* _TASK TO COMPLETE_:
Leave the pictures out and quote every line from the start of the listing to the line with "Kerst achtergrond met decoraties — Stockfoto", inclusive.
Segment Open
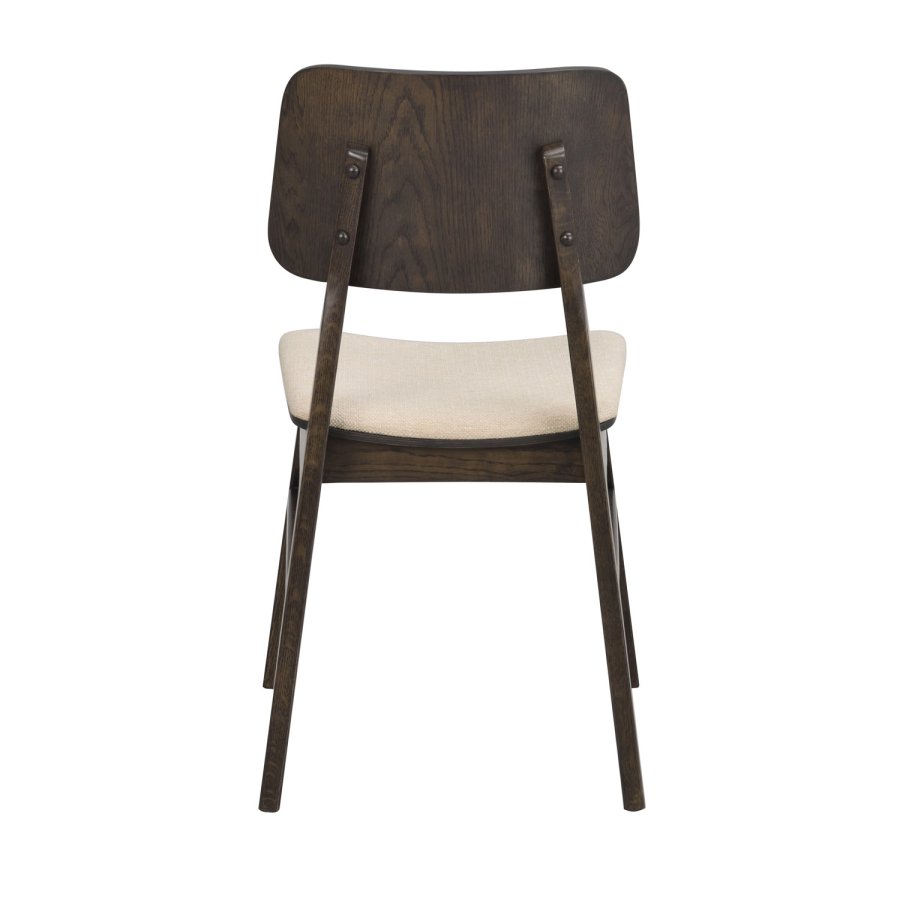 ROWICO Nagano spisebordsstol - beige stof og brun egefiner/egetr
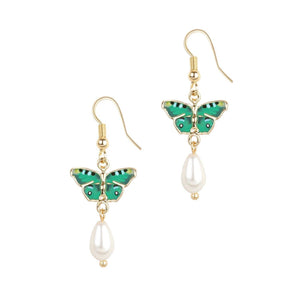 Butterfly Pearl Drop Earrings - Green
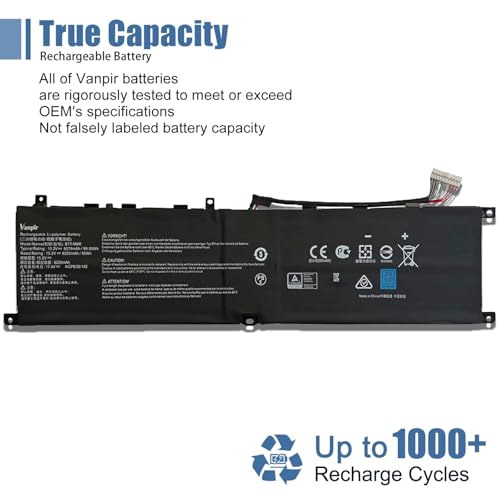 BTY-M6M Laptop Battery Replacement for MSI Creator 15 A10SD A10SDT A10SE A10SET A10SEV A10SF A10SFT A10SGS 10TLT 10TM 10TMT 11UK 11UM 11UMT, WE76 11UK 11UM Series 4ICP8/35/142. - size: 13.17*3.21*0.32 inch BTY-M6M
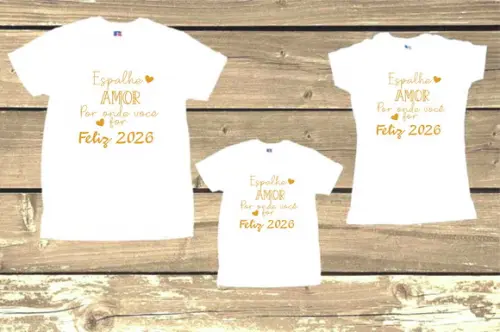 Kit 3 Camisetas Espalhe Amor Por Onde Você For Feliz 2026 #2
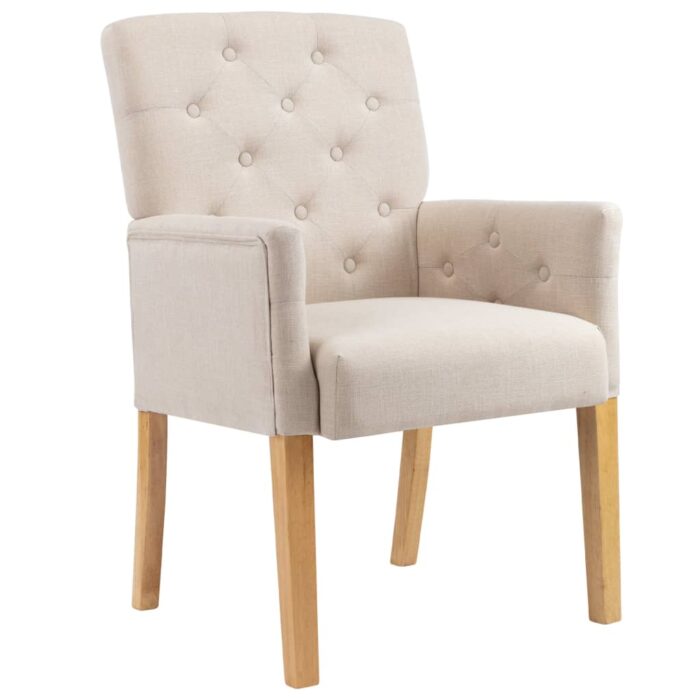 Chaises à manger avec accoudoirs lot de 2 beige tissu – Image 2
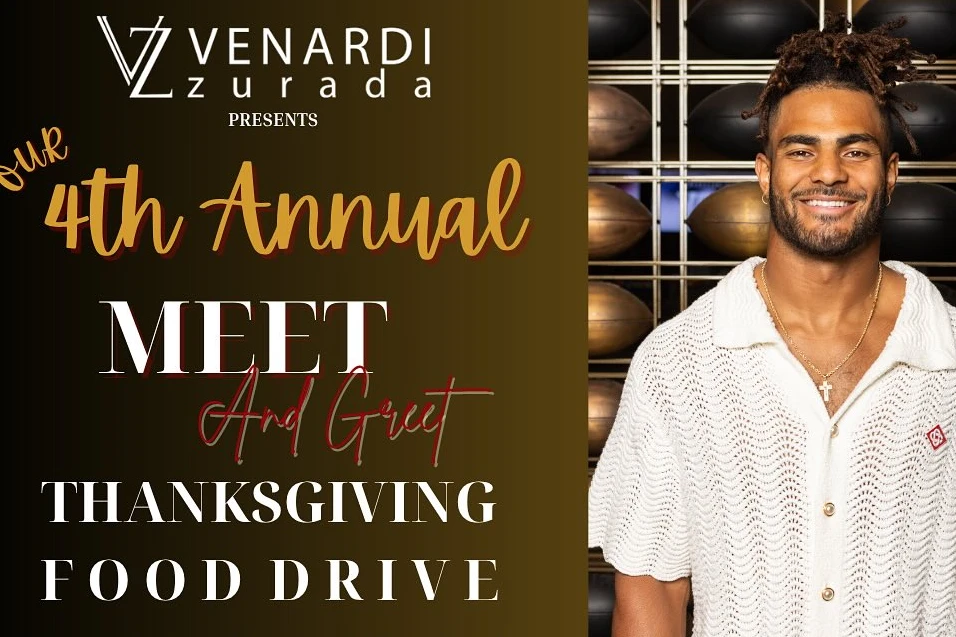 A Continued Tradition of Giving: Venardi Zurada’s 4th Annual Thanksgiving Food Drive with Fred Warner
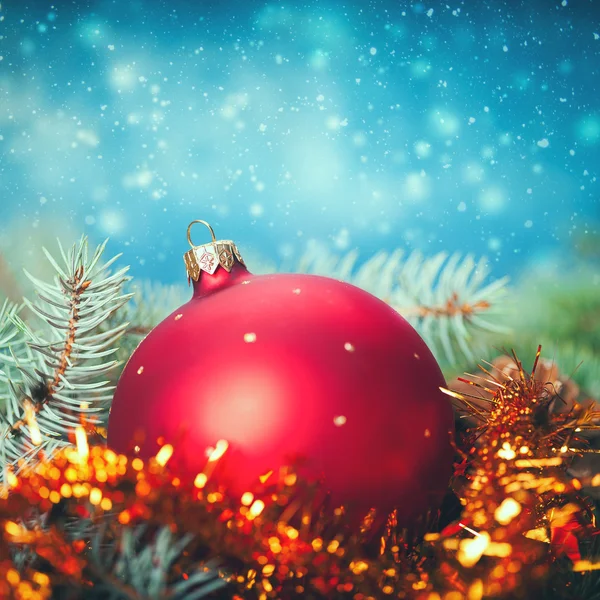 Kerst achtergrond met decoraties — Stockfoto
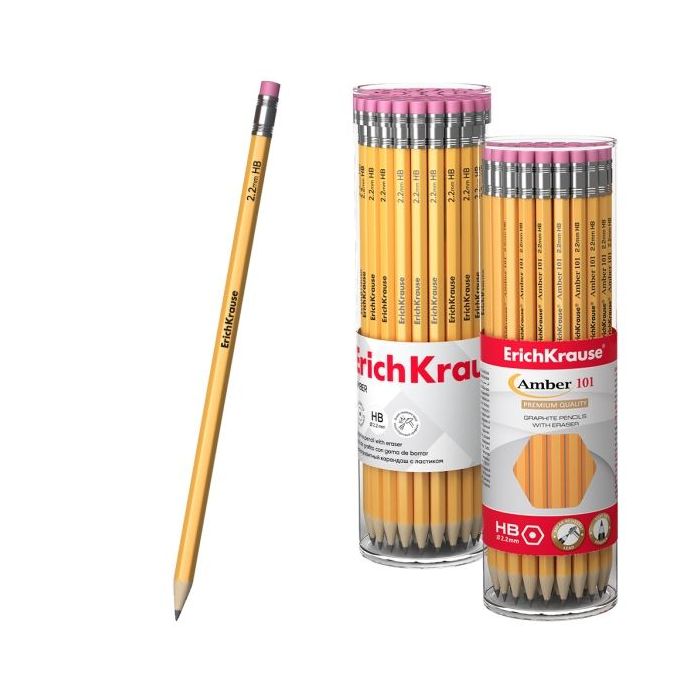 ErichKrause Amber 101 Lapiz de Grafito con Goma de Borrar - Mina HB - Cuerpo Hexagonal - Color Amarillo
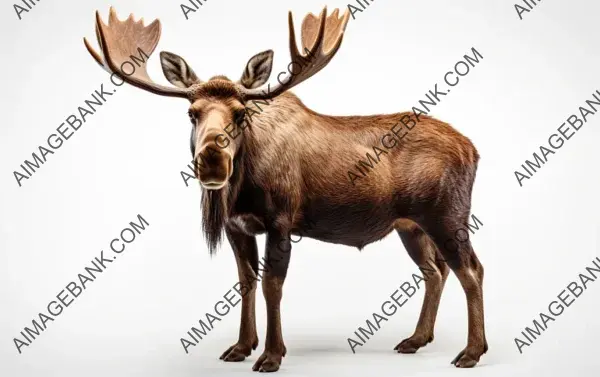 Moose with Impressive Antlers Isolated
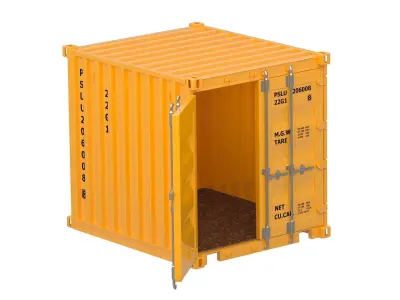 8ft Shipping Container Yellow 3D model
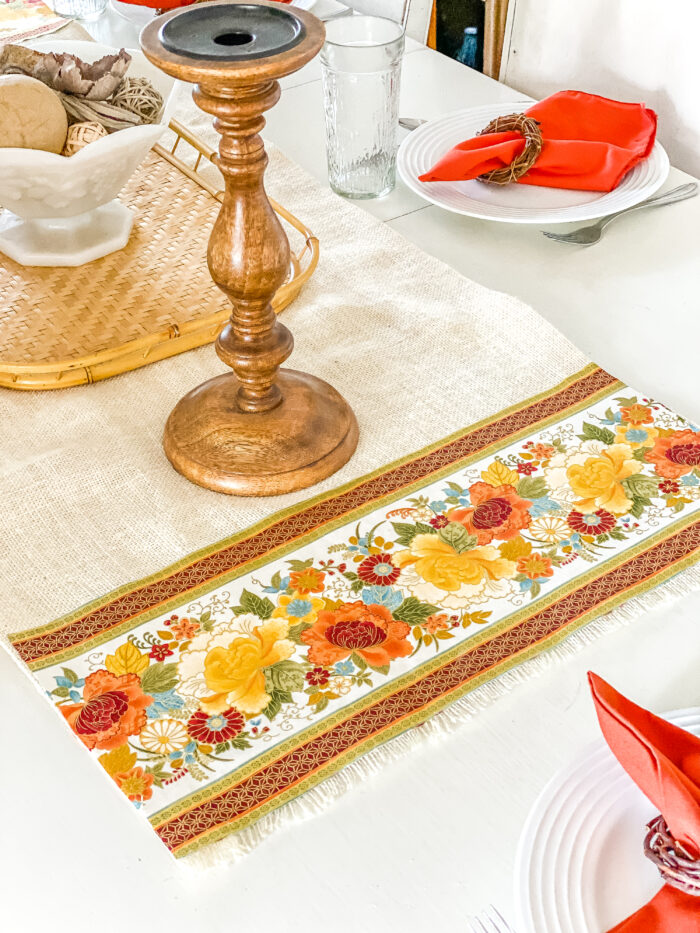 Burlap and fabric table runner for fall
Segment Closed
* _TASK ANSWER_:
 ROWICO Nagano spisebordsstol - beige stof og brun egefiner/egetr
 Butterfly Pearl Drop Earrings - Green
 BTY-M6M Laptop Battery Replacement for MSI Creator 15 A10SD A10SDT A10SE A10SET A10SEV A10SF A10SFT A10SGS 10TLT 10TM 10TMT 11UK 11UM 11UMT, WE76 11UK 11UM Series 4ICP8/35/142. - size: 13.17*3.21*0.32 inch BTY-M6M
 Kit 3 Camisetas Espalhe Amor Por Onde Você For Feliz 2026 #2
 Chaises à manger avec accoudoirs lot de 2 beige tissu – Image 2
 A Continued Tradition of Giving: Venardi Zurada’s 4th Annual Thanksgiving Food Drive with Fred Warner
 Kerst achtergrond met decoraties — Stockfoto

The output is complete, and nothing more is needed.